PROMPT
Write out the records below exactly as they appear, skipping each picture.

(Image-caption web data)
□ □ □
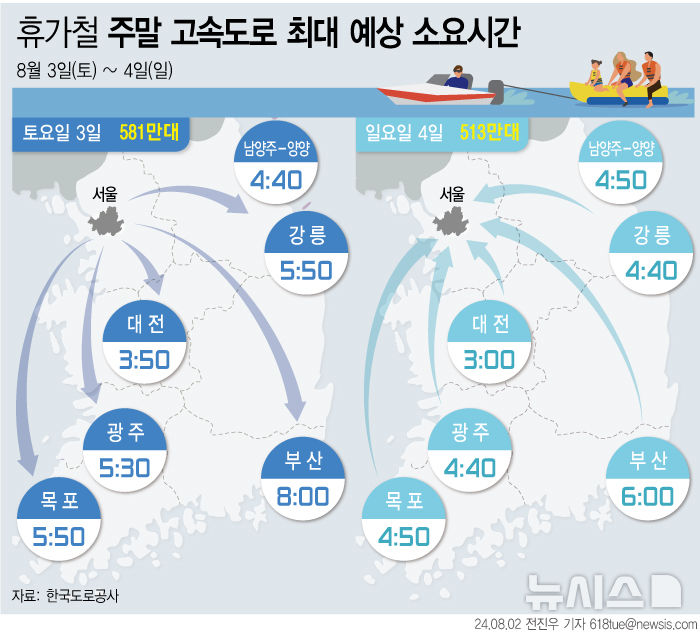 [서울=뉴시스] 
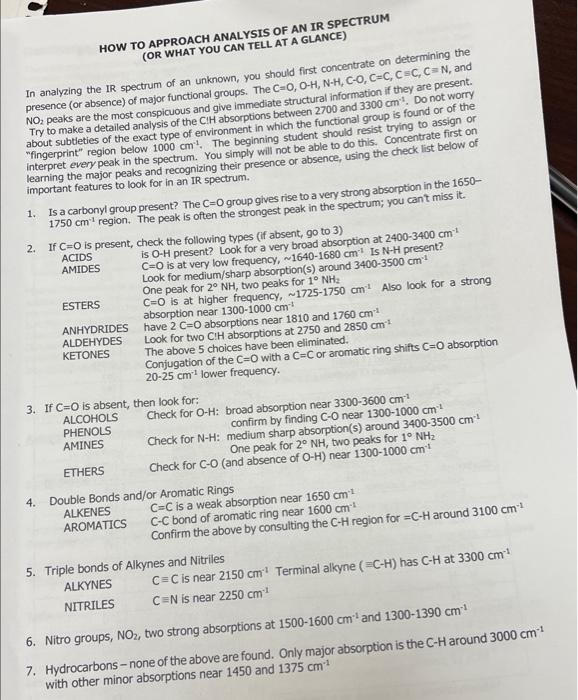 Solved II. Background: Give a brief paragraph on the general | Chegg.com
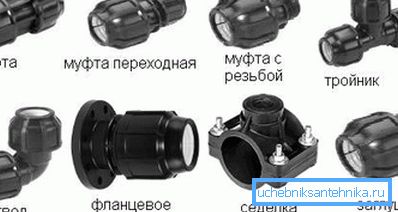 Муфты для пластыкавых труб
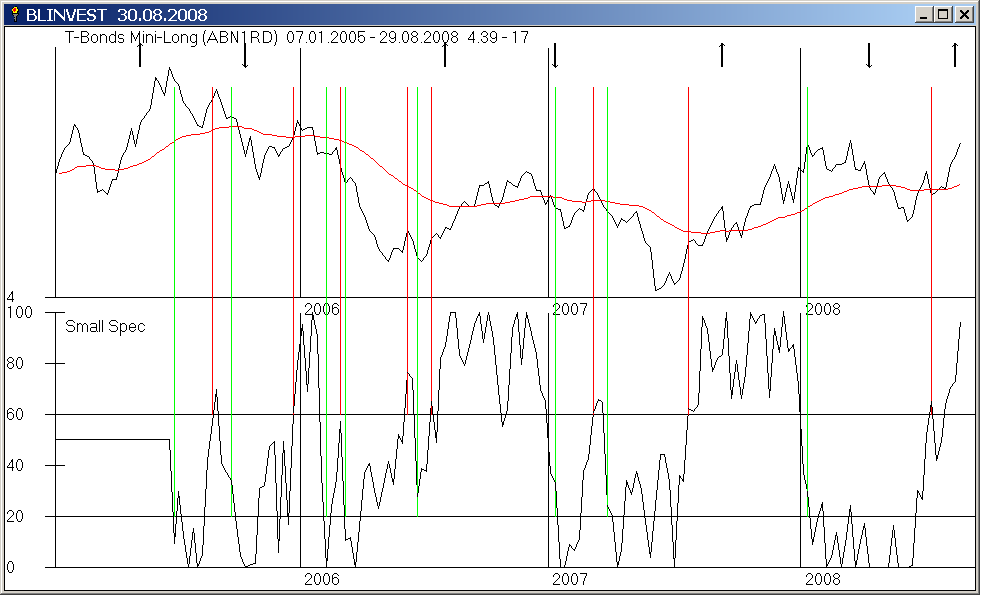 T-Bonds mit GD 200 Tage und Gann Q Chart Signalen und außerdem Small Spec mit Signalen
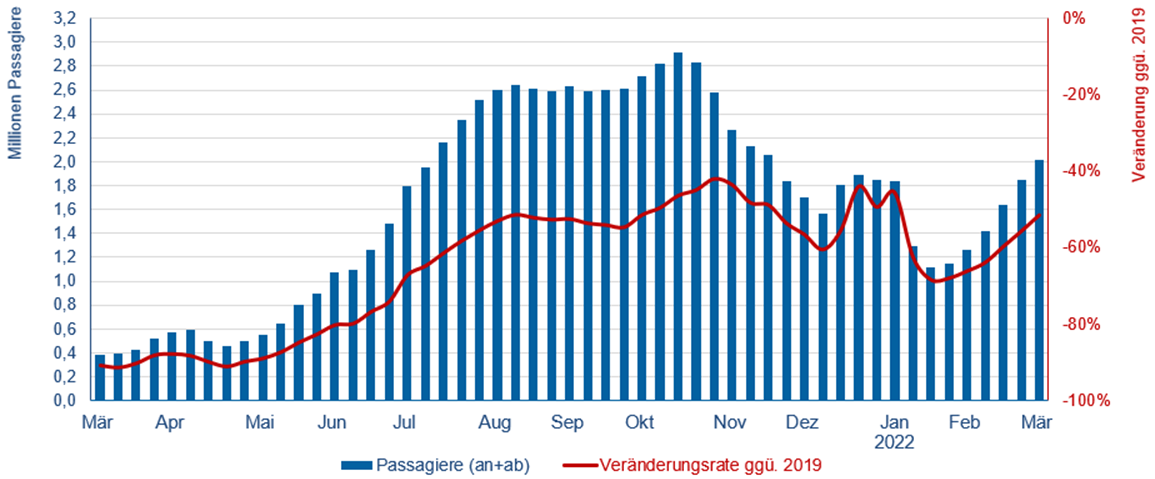 © Flughafenverband ADV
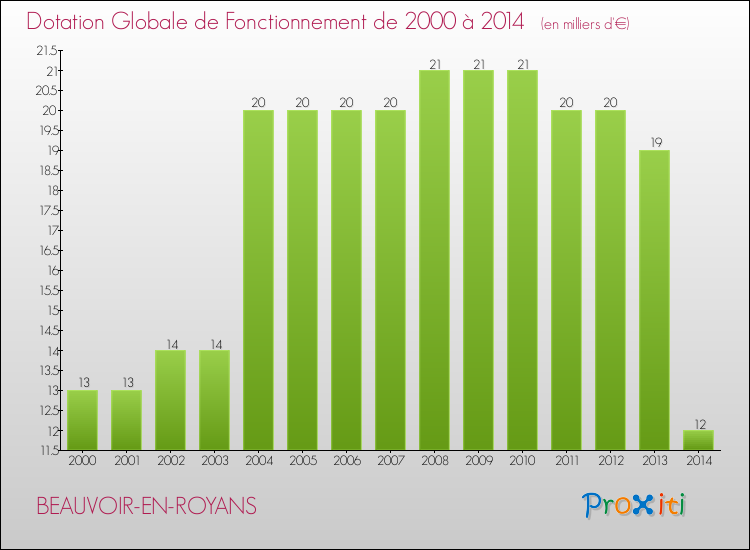 Evolution du montant de la Dotation Globale de Fonctionnement pour la commune de BEAUVOIR-EN-ROYANS de 2000 à 2014 Evolution du montant de la Dotation Globale de Fonctionnement pour BEAUVOIR-EN-ROYANS de 2000 à 2014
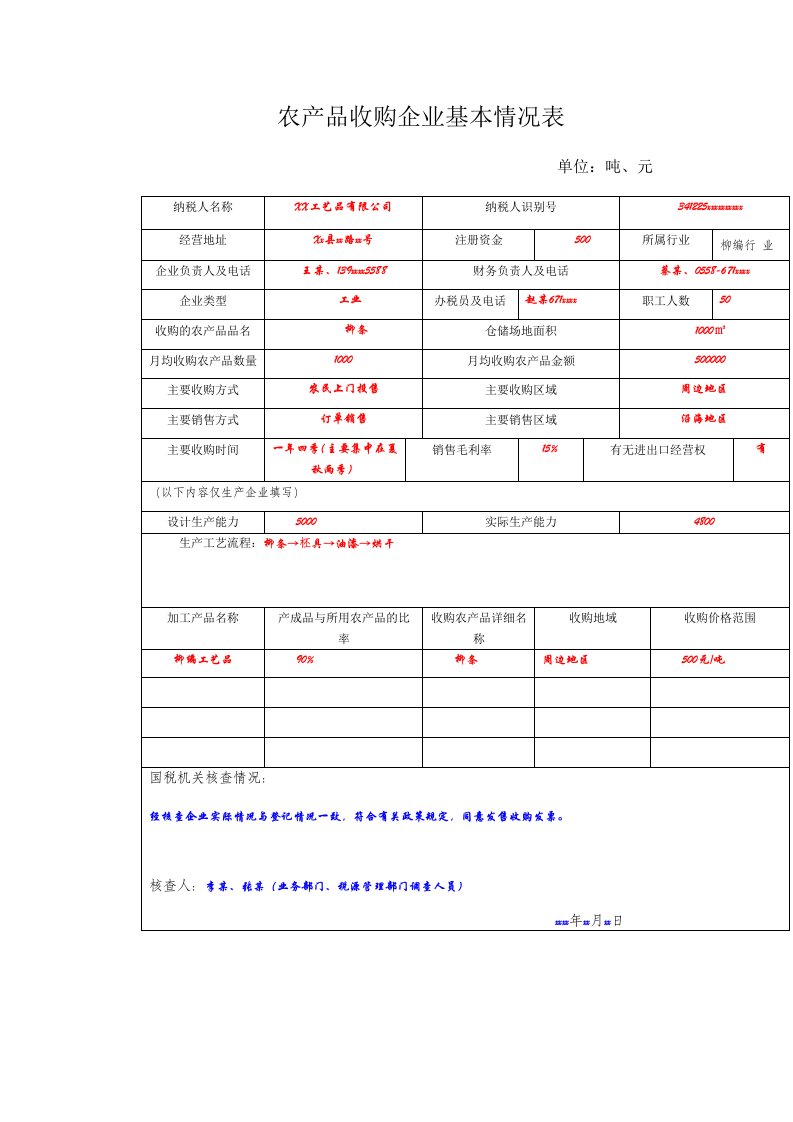 农产品收购企业基本情况表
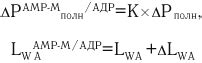 0.142 250 5.5 2.2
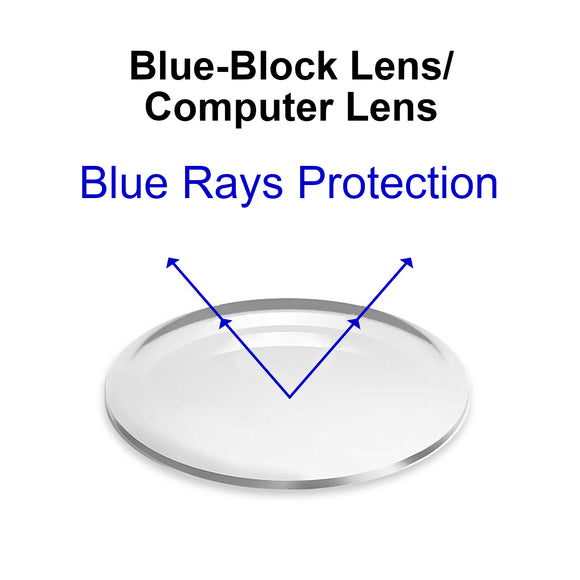 computer lens 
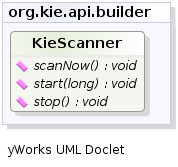 KieScanner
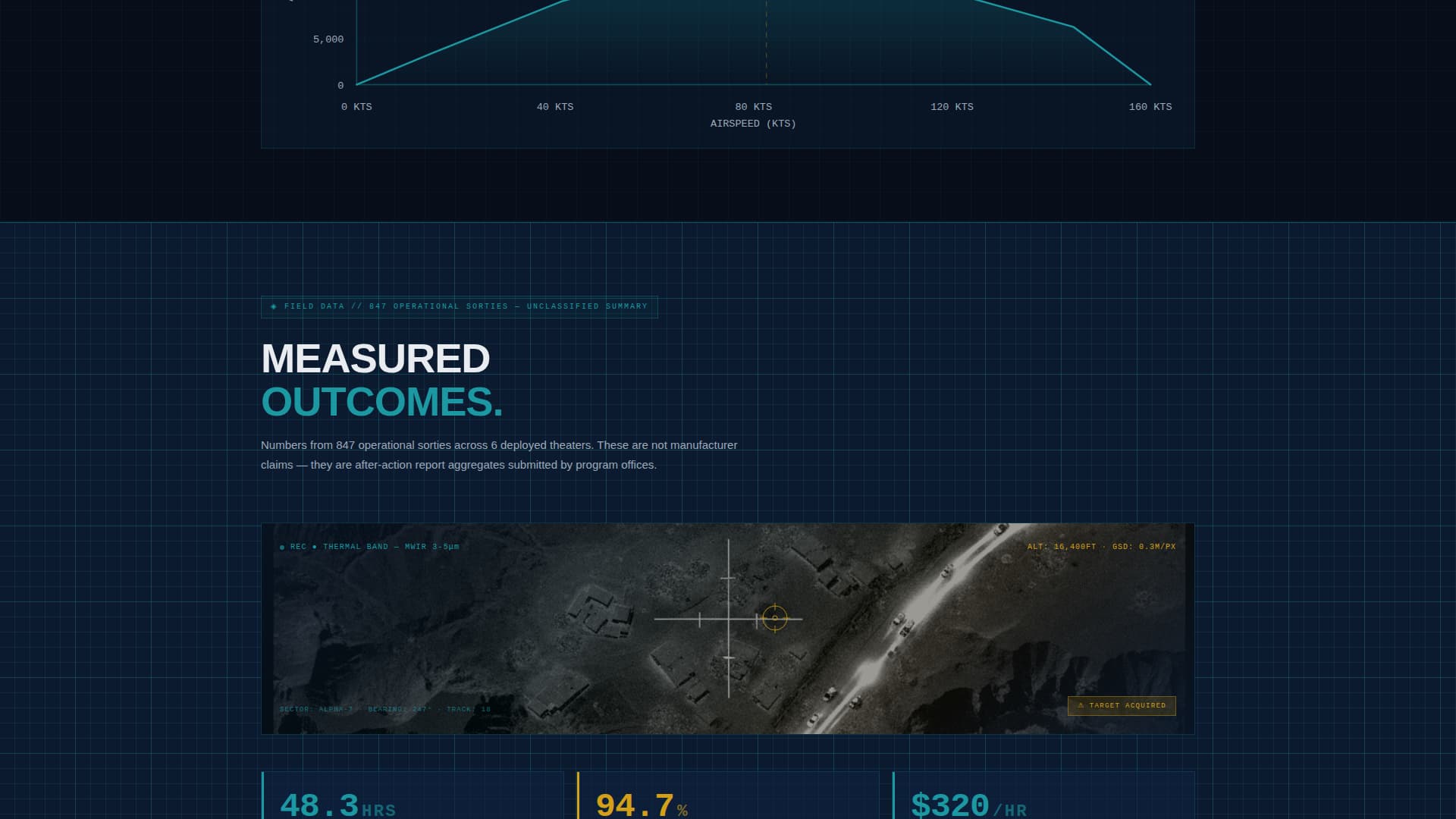 Recon - Tactical UAV Landing Page Template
□ □ □
ANSWER AREA
 [서울=뉴시스] 
 Solved II. Background: Give a brief paragraph on the general | Chegg.com
 Муфты для пластыкавых труб
 T-Bonds mit GD 200 Tage und Gann Q Chart Signalen und außerdem Small Spec mit Signalen
 © Flughafenverband ADV
 Evolution du montant de la Dotation Globale de Fonctionnement pour la commune de BEAUVOIR-EN-ROYANS de 2000 à 2014 Evolution du montant de la Dotation Globale de Fonctionnement pour BEAUVOIR-EN-ROYANS de 2000 à 2014
 农产品收购企业基本情况表
 0.142 250 5.5 2.2
 computer lens 
 KieScanner
 Recon - Tactical UAV Landing Page Template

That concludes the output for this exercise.